But 2004 was a bewildering year in nearly every way. Rarely have so many people been so overwhelmed, in so many places.
Nature’s severest blow came in the year’s final days. An epic earthquake under the Indian Ocean set off tsunamis that killed tens of thousands in south Asia.
The devastation was so enormous that overwhelmed Sri Lankan officials were not immediately aware of the loss of a crowded passenger train, flung from its coastline tracks. More than 800 bodies were recovered, and cremation or burial were expedited. Following a brief Buddhist ceremony, a moment of silence was observed for those whose religions could not be determined. “This was the only thing we could do,” said the monk who presided. “It was a desperate solution. The bodies were rotting.”

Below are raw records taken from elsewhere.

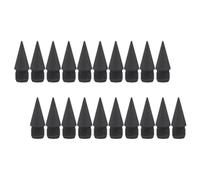Balacoo 20pcs Replaceable Inkless Pencil Tips Graphite Nibs for Everlasting Pencil, Easy to Use and Convenient for Carrying, for Office Use and Daily Writing
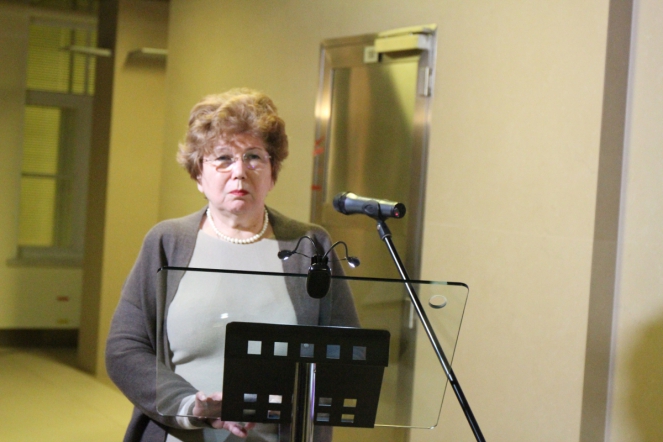 В Президентской библиотеке открылась выставка «Ленинградский педиатрический медицинский институт в суровые годы блокады» 15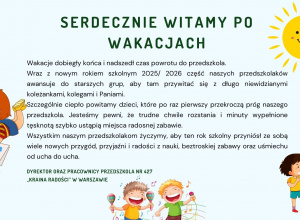 Witamy po Wakacjach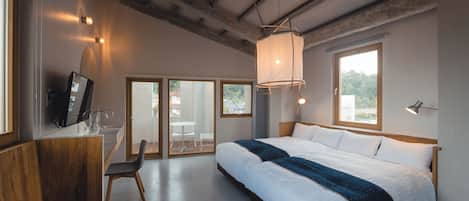 Superior-Zweibettzimmer | Zimmersafe, Verdunkelungsvorhänge, Bügeleisen/Bügelbrett
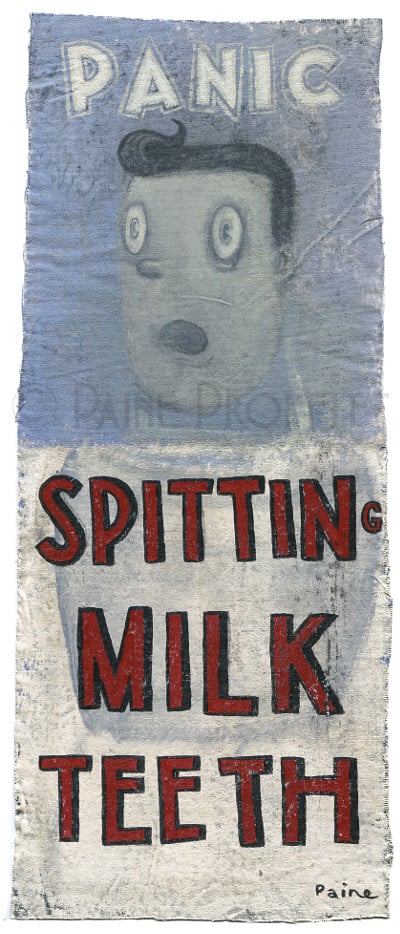 Image of Spitting Milk Teeth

In Indonesia, at a makeshift morgue for quake victims, a woman cried out: “My mother, no word. My sisters, brothers, aunt, uncle, grandmother, no word. Where are they? Where are they? I don’t know where to start looking.”
At Camp Kounoungo in Chad, where Mohammed Aziber recalled the moment when his son was gunned down by a helicopter that circled overhead, and how his family then fled their village – joining the accursed 1.8 million refugees from the Sudanese insurgency and counterinsurgency. “Every day, I see my son lying under that tree,” said Aziber, tearfully.
In the Russian town of Beslan, where 34-year-old Georgi Kozarev recounted his part in a mob that lynched one of the terrorists who had launched the bloodbath at a local school, leaving more than 330 dead. “How does one understand this? How do you forgive it?” he asked.
In Omaha, Neb., where Shane Kielion’s high school sweetheart, April, gave birth to their first child – just hours after the Marine rifleman died in the battle for Fallujah. His family’s hearts were stretched from exultation to sorrow.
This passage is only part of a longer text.